THE TASK
In the records below, some lines contain "type"; state the number of such lines and nothing else.

PROVIDED RECORDS
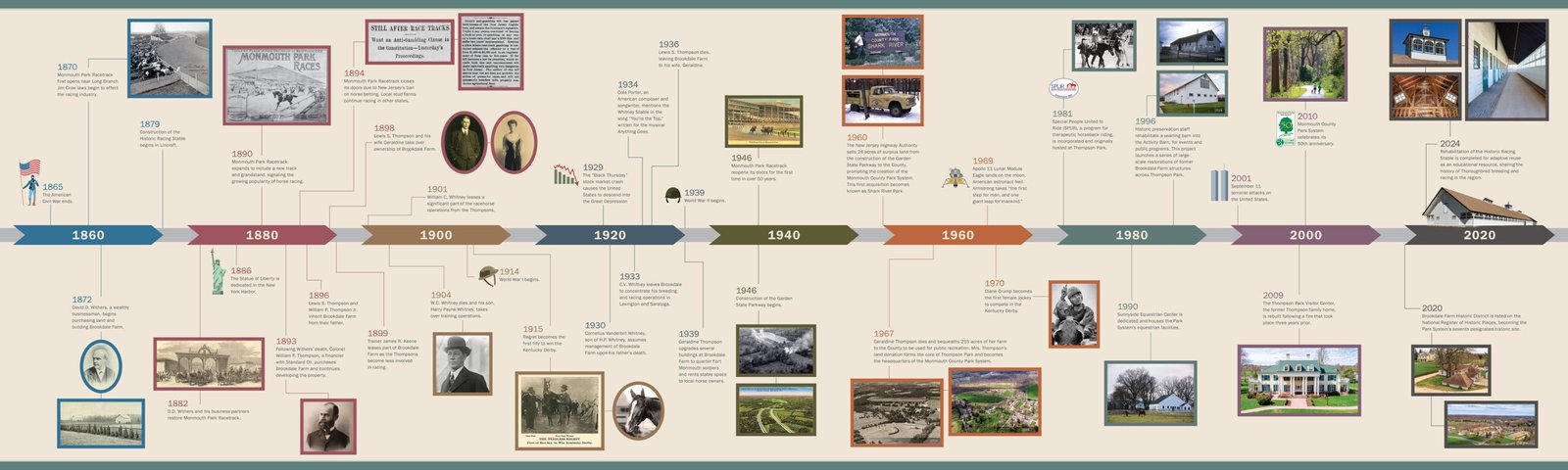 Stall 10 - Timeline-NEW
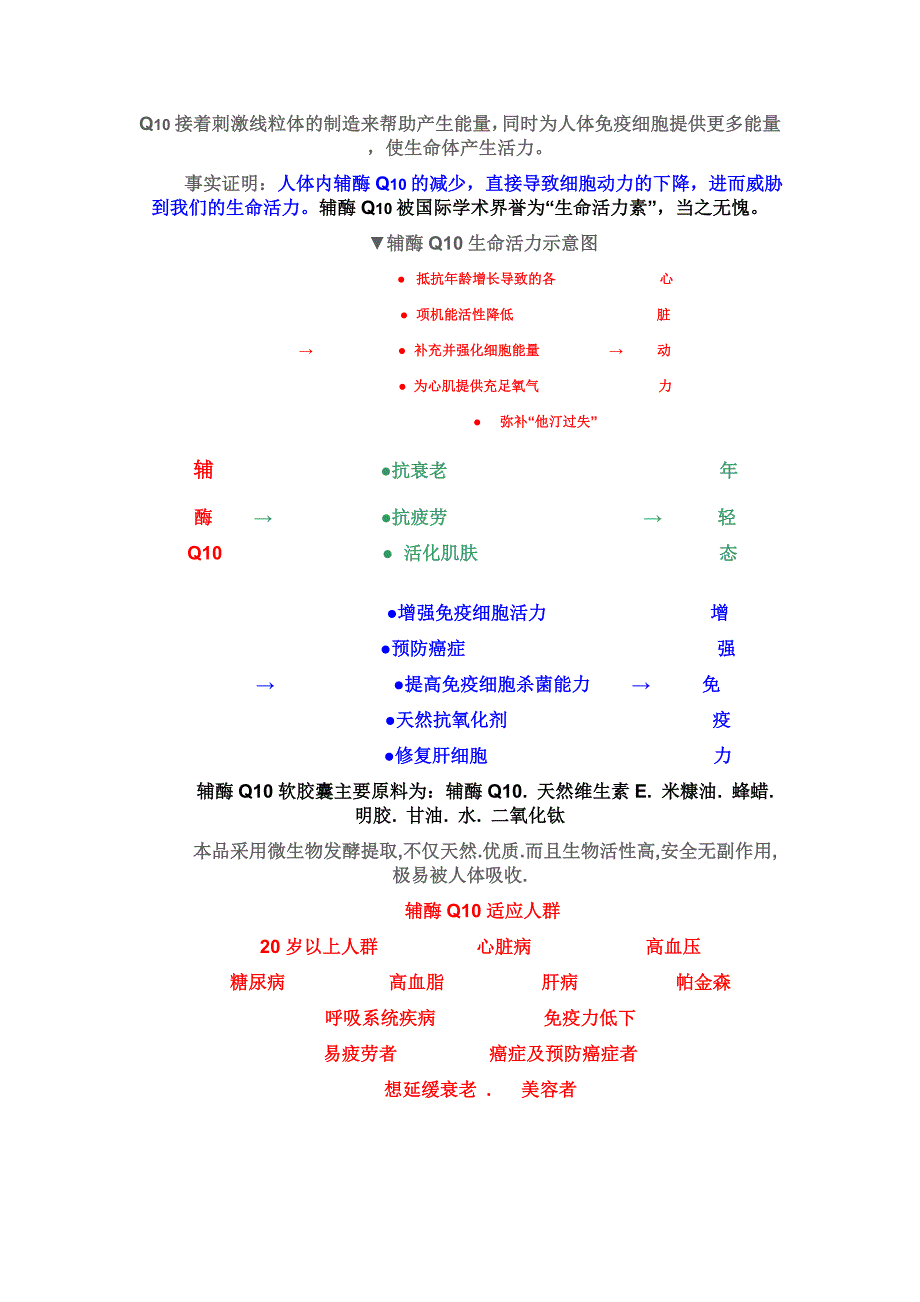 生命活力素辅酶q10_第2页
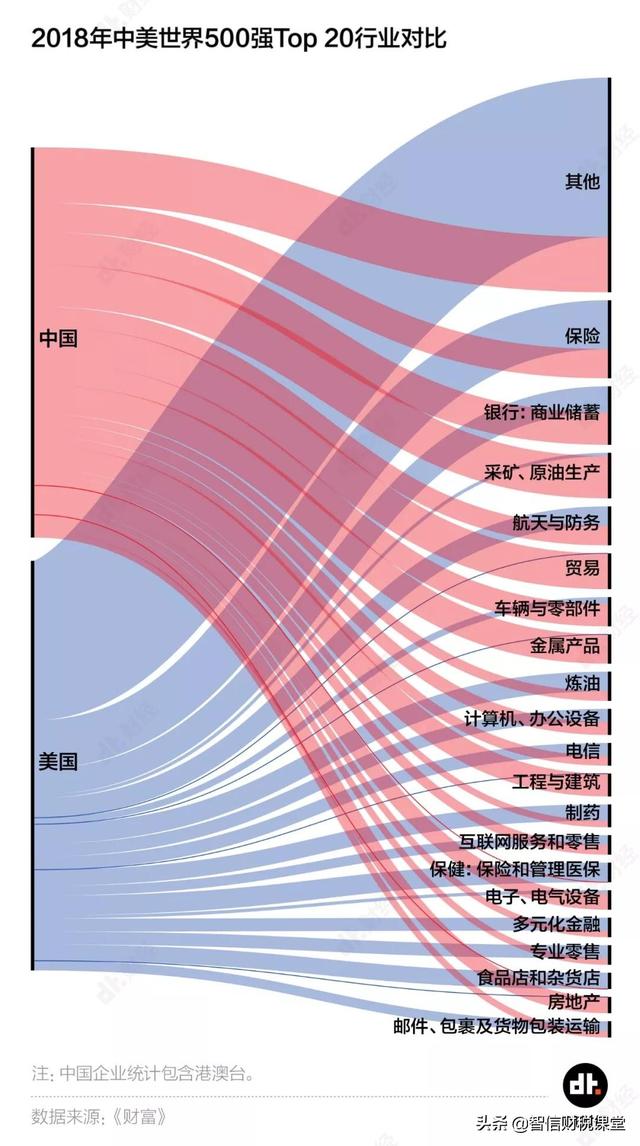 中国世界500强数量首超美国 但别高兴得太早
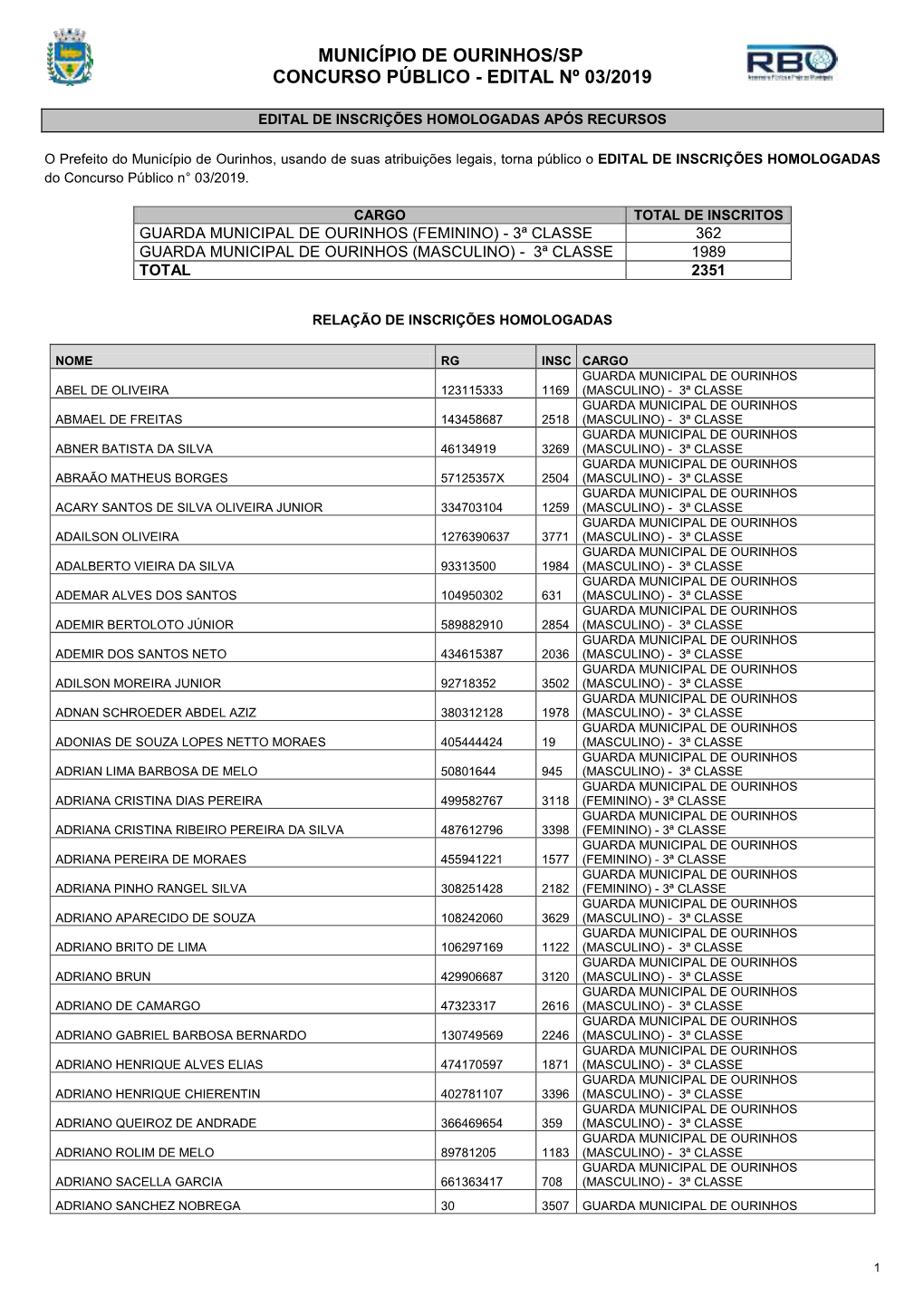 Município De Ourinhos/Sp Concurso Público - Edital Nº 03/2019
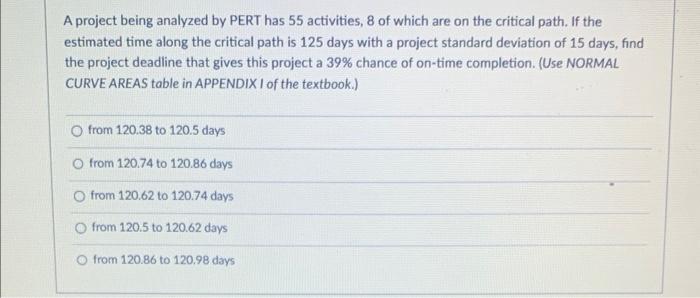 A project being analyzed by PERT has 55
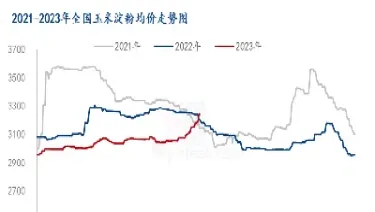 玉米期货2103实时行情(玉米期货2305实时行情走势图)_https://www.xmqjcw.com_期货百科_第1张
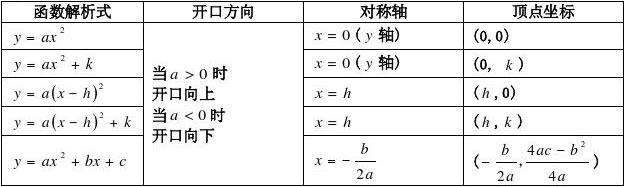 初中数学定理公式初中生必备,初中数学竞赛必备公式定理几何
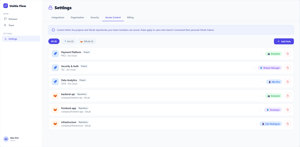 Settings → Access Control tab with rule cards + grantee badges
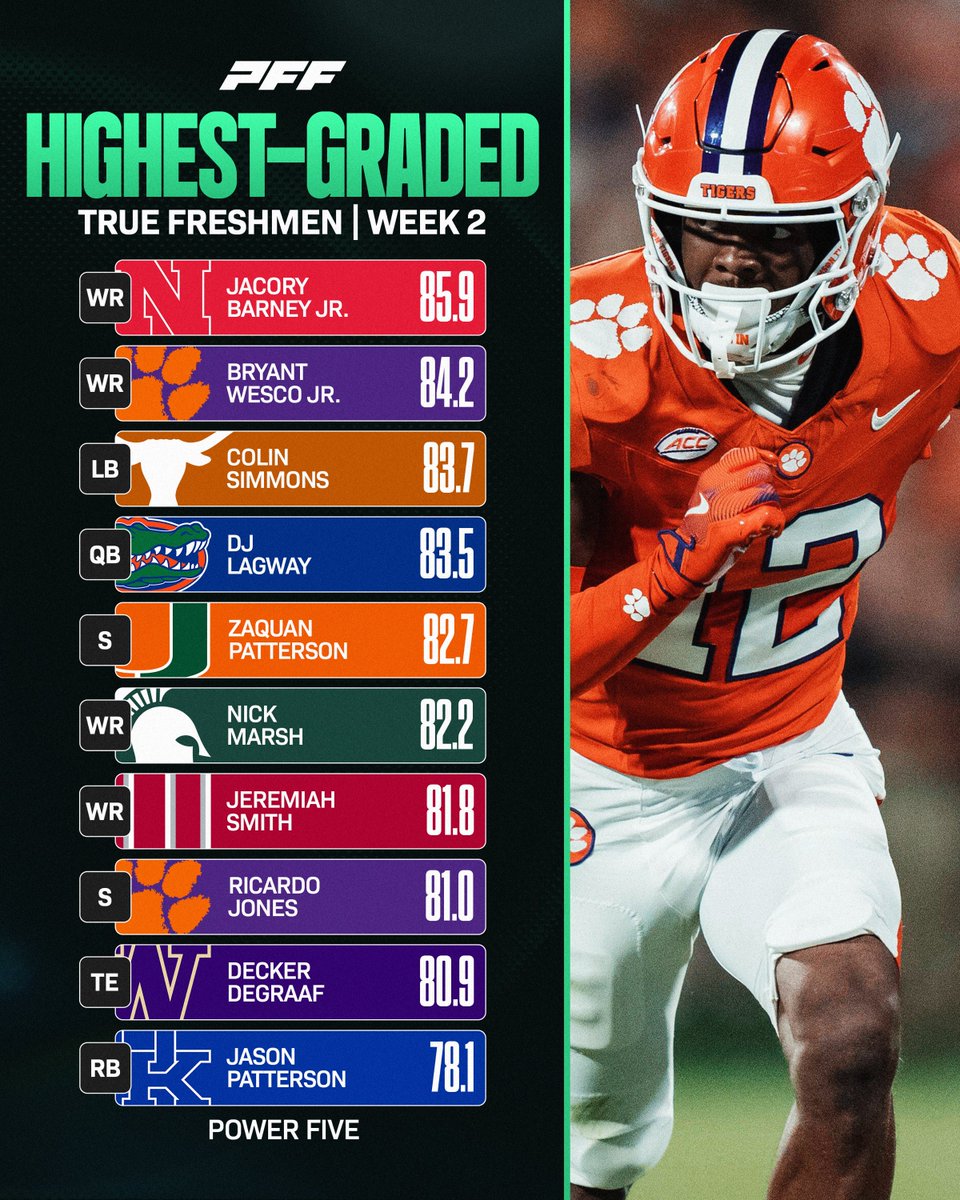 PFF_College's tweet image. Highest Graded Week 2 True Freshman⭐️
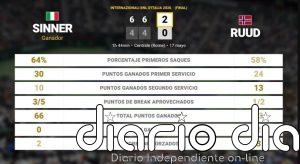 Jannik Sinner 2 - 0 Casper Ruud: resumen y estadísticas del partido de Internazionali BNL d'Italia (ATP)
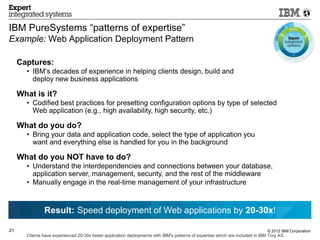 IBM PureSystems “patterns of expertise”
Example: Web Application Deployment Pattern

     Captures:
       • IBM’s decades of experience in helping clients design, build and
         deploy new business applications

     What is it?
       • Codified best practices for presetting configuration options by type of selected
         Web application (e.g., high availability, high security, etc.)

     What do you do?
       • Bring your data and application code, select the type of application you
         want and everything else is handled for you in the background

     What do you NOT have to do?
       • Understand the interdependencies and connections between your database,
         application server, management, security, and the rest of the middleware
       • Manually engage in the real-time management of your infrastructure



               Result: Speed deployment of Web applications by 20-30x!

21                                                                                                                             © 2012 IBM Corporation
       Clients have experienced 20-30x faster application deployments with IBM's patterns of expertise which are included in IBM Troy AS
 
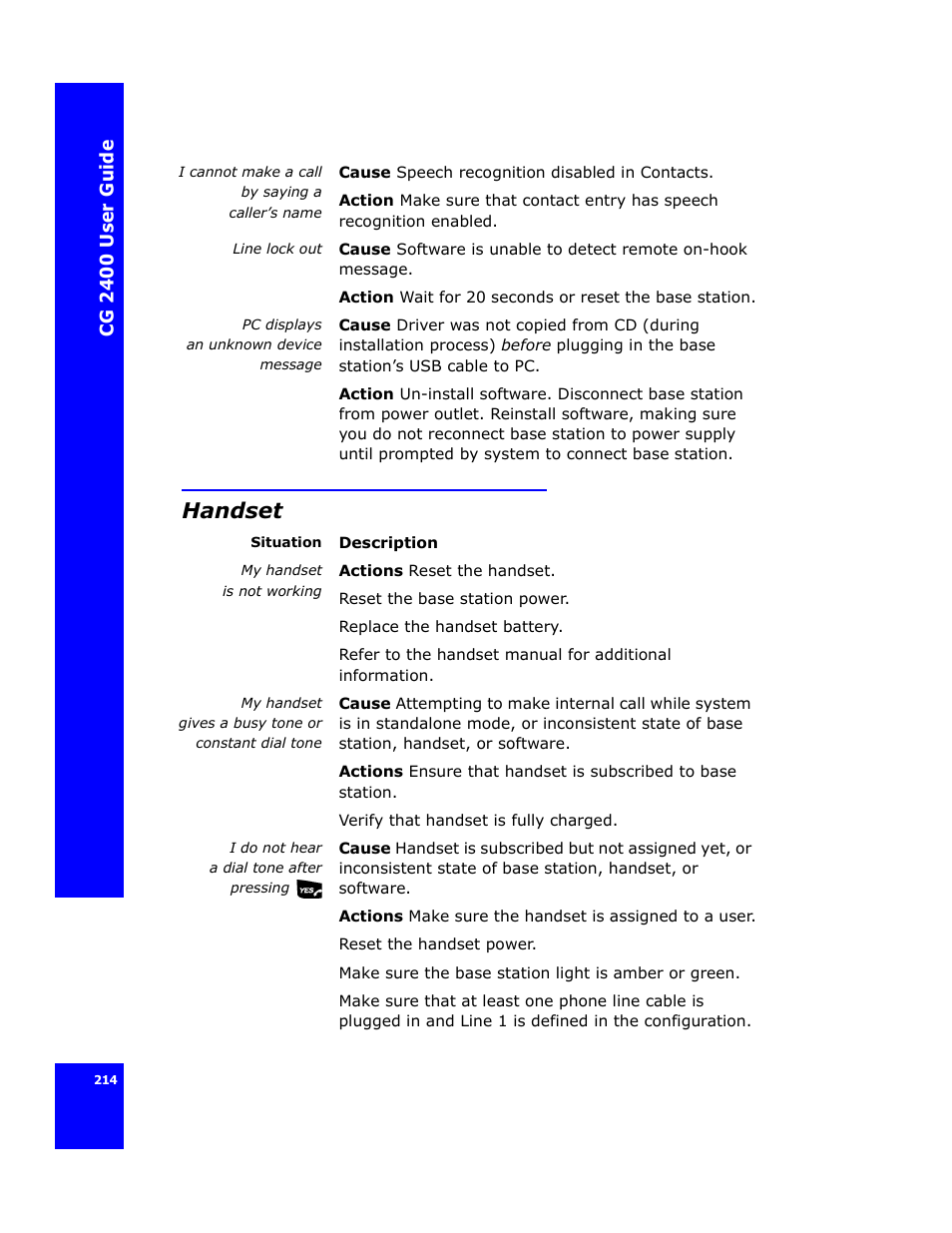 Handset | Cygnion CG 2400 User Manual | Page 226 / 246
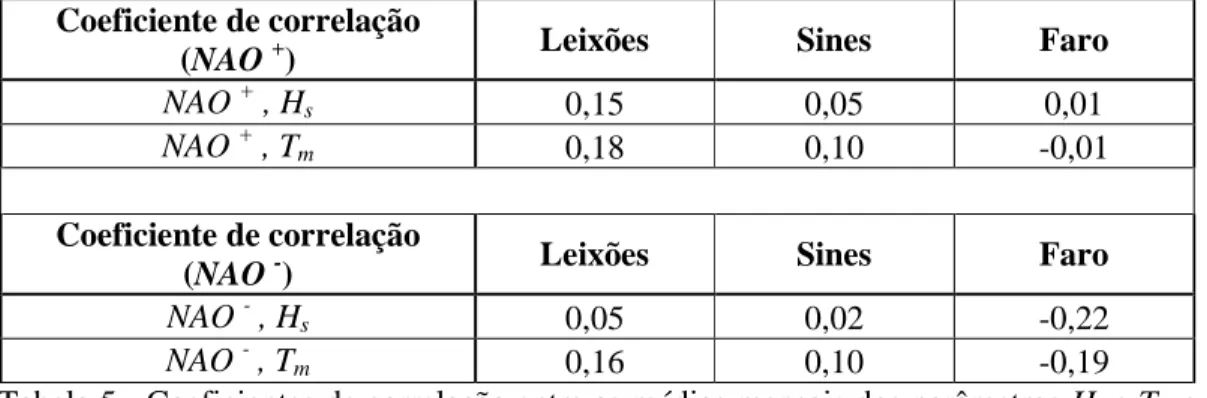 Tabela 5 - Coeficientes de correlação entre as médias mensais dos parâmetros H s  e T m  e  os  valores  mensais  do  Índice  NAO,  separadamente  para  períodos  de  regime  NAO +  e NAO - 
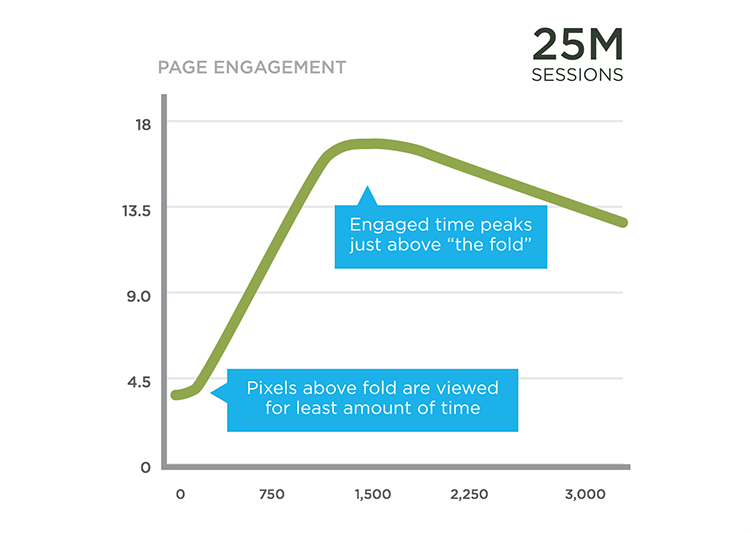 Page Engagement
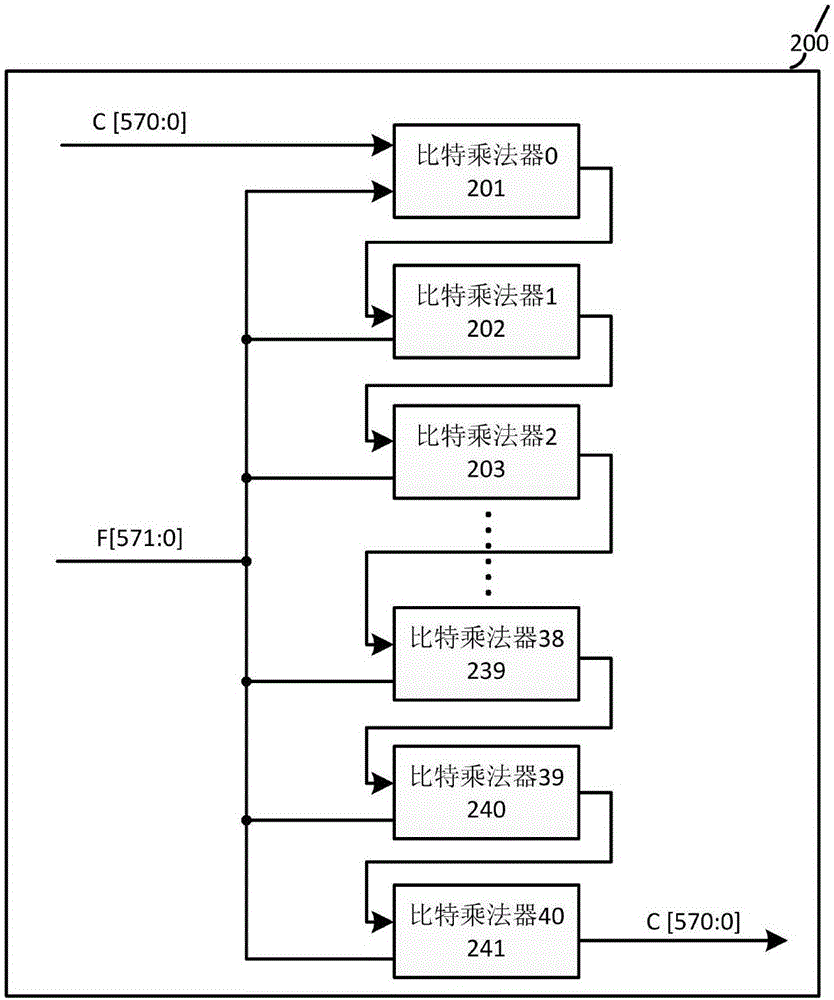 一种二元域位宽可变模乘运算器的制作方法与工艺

REPLY TO THE TASK
2